Interest Rate Sensitivity
The Company’s Asset/Liability Management Committee (ALCO) measures and manages the Company’s interest rate risk
on a monthly basis to identify trends and establish strategies to maintain stability in net interest income throughout various rate
environments. Analytical modeling techniques provide management insight into the Company’s exposure to changing rates.
These techniques include net interest income simulations and market value analysis. Management has set guidelines specifying
acceptable limits within which net interest income and market value may change under various rate change scenarios. These
measurement tools indicate that the Company is currently within acceptable risk guidelines as set by management.
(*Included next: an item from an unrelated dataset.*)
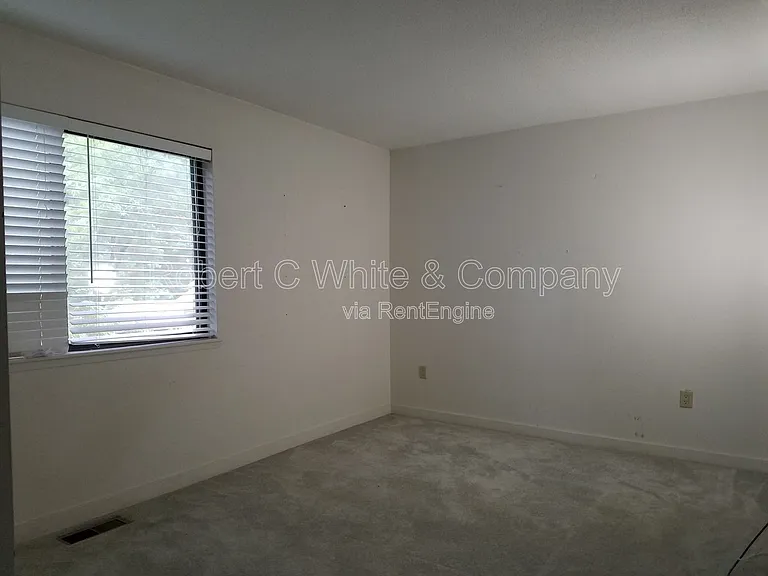 31 Farmington Chase Cres — Photo 24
The Company’s main interest rate measurement tool, income simulation, projects net interest income under various rate
change scenarios in order to quantify the magnitude and timing of potential rate-related changes. Income simulations are able to
capture option risks within the balance sheet where expected cash flows may be altered under various rate environments.
Modeled rate movements include “shocks, ramps and twists.” Shocks are intended to capture interest rate risk under extreme
conditions by immediately shifting rates up and down, while ramps measure the impact of gradual changes and twists measure
yield curve risk. The size of the balance sheet is assumed to remain constant so that results are not influenced by growth
predictions.
The Company also employs a sophisticated simulation technique known as a stochastic income simulation. This technique
allows management to see a range of results from hundreds of income simulations. The stochastic simulation creates a vector of
potential rate paths around the market’s best guess (forward rates) concerning the future path of interest rates and allows rates to
randomly follow paths throughout the vector. This allows for the modeling of non-biased rate forecasts around the market
consensus. Results give management insight into a likely range of rate-related risk as well as worst and best-case rate scenarios.
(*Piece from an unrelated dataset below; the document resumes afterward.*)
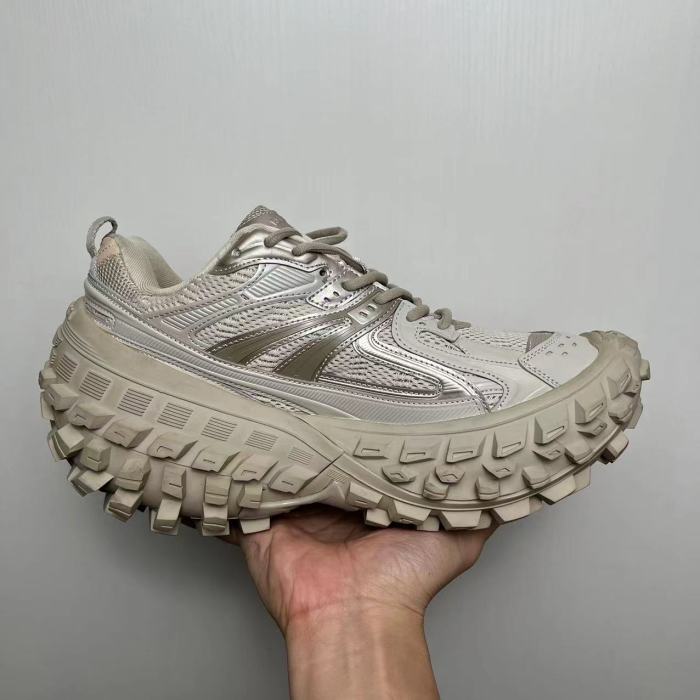 1:1 quality version  Chunky Defender Breathable Mesh Upper Running Shoes 7 colors 29018457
Additionally, the Company uses market value analyses to help identify longer-term risks that may reside on the balance
sheet. This is considered a secondary risk measurement tool by management. The Company measures the market value of
equity as the net present value of all asset and liability cash flows discounted along the current swap curve plus appropriate
market risk spreads. It is the change in the market value of equity under different rate environments, or effective duration, that
gives insight into the magnitude of risk to future earnings due to rate changes. Market value analyses also help management
understand the price sensitivity of non-marketable bank products under different rate environments.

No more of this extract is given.